## DATA LISTING
================================

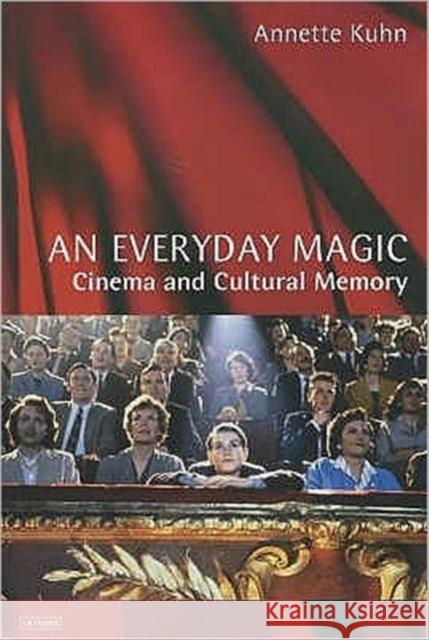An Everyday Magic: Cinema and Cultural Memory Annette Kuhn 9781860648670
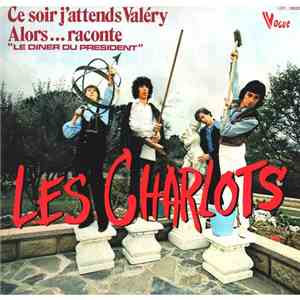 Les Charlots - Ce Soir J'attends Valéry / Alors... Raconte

================================

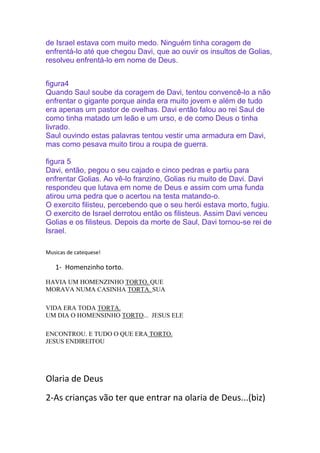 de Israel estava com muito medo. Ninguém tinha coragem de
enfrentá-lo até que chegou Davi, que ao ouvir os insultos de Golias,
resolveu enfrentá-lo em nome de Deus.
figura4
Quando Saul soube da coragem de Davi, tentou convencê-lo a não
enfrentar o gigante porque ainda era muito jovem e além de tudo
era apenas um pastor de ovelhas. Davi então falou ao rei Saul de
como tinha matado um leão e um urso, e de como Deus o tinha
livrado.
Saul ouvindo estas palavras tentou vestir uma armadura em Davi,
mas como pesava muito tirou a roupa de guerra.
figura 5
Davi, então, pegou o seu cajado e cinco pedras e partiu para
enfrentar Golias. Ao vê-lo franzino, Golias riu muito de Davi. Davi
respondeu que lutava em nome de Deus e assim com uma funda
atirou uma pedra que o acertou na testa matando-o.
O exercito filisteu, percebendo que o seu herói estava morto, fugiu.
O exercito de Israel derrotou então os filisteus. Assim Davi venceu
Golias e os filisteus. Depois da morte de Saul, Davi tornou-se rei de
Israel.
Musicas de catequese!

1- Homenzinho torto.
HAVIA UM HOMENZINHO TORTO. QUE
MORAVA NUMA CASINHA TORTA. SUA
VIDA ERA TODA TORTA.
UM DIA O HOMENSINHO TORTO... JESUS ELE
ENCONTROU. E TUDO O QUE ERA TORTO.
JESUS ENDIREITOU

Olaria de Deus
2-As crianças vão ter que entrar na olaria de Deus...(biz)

================================

## TASK DIRECTIONS
Both end lines included, restate word for word the lines above from the line with "ENCONTROU. E TUDO O QUE ERA TORTO." to the line with "2-As crianças vão", and nothing else.

## TASK RESPONSE
ENCONTROU. E TUDO O QUE ERA TORTO.
JESUS ENDIREITOU

Olaria de Deus
2-As crianças vão ter que entrar na olaria de Deus...(biz)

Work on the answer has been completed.